Probation for man charged with domestic assault in Niagara
On behalf of Neuberger & Partners LLP posted in Domestic Violence on Saturday July 30, 2016.
Any violent crime, and domestic assault in particular, is a serious matter. For those facing charges for domestic assault, just as serious is the need for a strong criminal defence strategy. Consider the case of a domestic assault that recently came before the court in St. Catherines, Ontario.
A 23-year old Niagara man got into a dispute with his partner, which escalated into a physical altercation. Alcohol was allegedly involved in the incident, and both parties became engaged in what the judge called a “mutual consent fight.” Reportedly, after the female victim threw a chair at the man, he proceeded to head butt her, at which point she fell down a flight of stairs. A concussion and a broken nose were the resulting injuries.
The man was arrested on Jan. 20, 2015, and spent more than five days in custody awaiting trial. In April of last year, he pleaded guilty to assault causing bodily harm. On July 25, 2016, he again appeared in court, this time to receive sentencing from a judge at the Ontario Court of Justice in St. Catharines.
During court sessions, the man’s defence lawyer presented evidence to suggest he was a good person capable of rehabilitation who had lead a troubled life. The court heard that, although he had been abandoned by his mother as a young child and been on his own since the age of 15, he had still managed to win an athletic scholarship, maintain employment, and he was receiving counselling.

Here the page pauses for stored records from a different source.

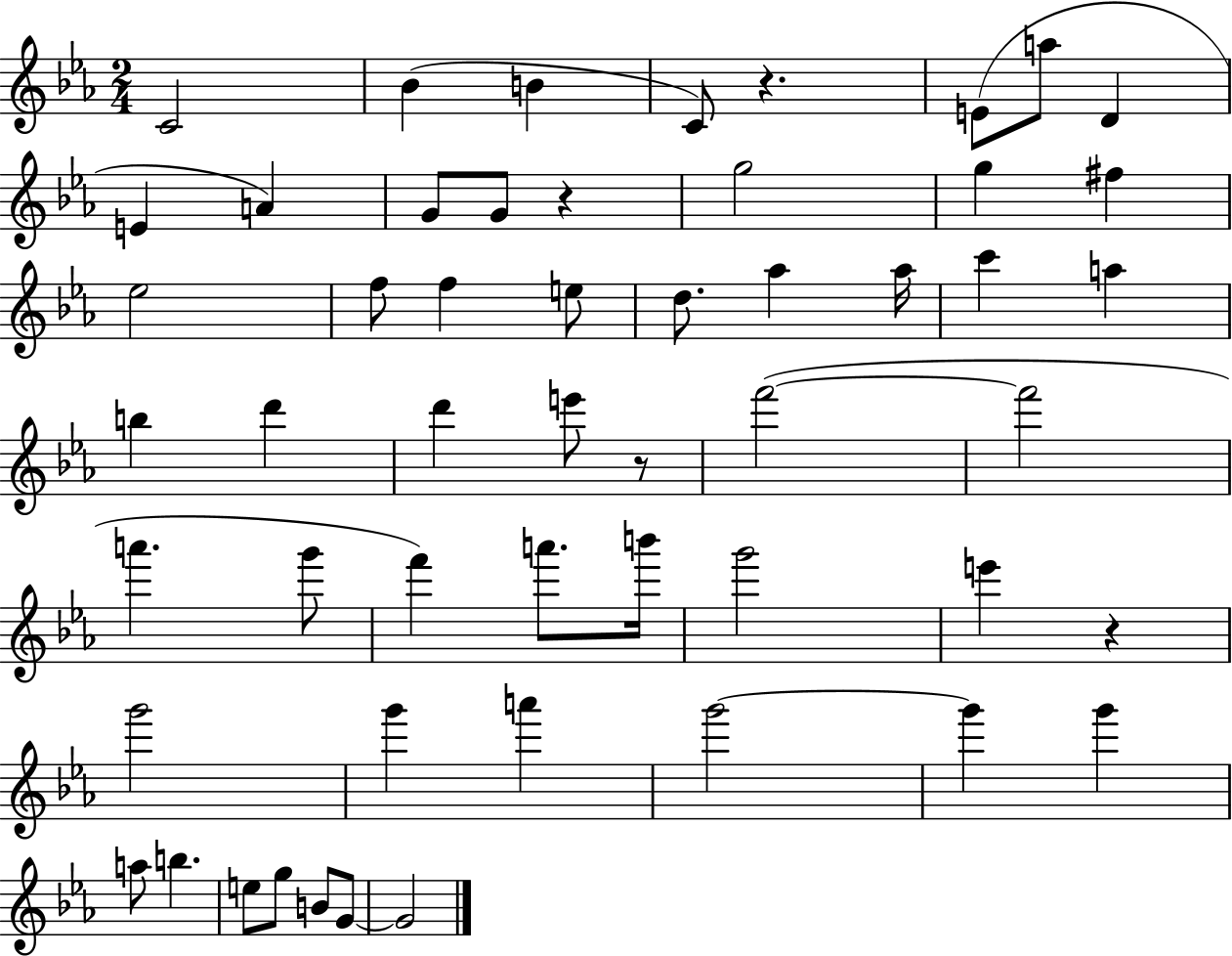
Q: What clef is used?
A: treble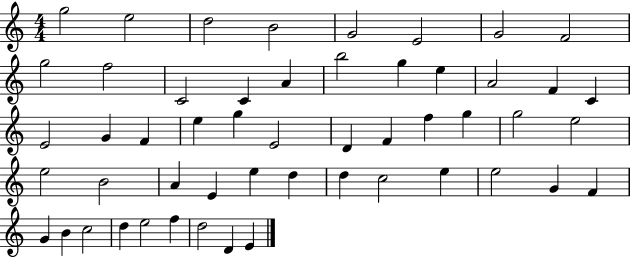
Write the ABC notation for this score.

X:1
T:Untitled
M:4/4
L:1/4
K:C
g2 e2 d2 B2 G2 E2 G2 F2 g2 f2 C2 C A b2 g e A2 F C E2 G F e g E2 D F f g g2 e2 e2 B2 A E e d d c2 e e2 G F G B c2 d e2 f d2 D E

The judge considered all these factors, and despite the serious nature of the offense, agreed to a sentence of 12 months probation, rather than jail time.
Criminal cases, including those involving domestic assault, are not always black and white in nature, making the job of the criminal defence team very important. In cases like this one, a strong defence plan may lessen the severity of the consequences a convicted individual faces. For many accused individuals, along with those who have been convicted, the opportunities to have the courts consider less severe sentences can have dramatic impacts on the future.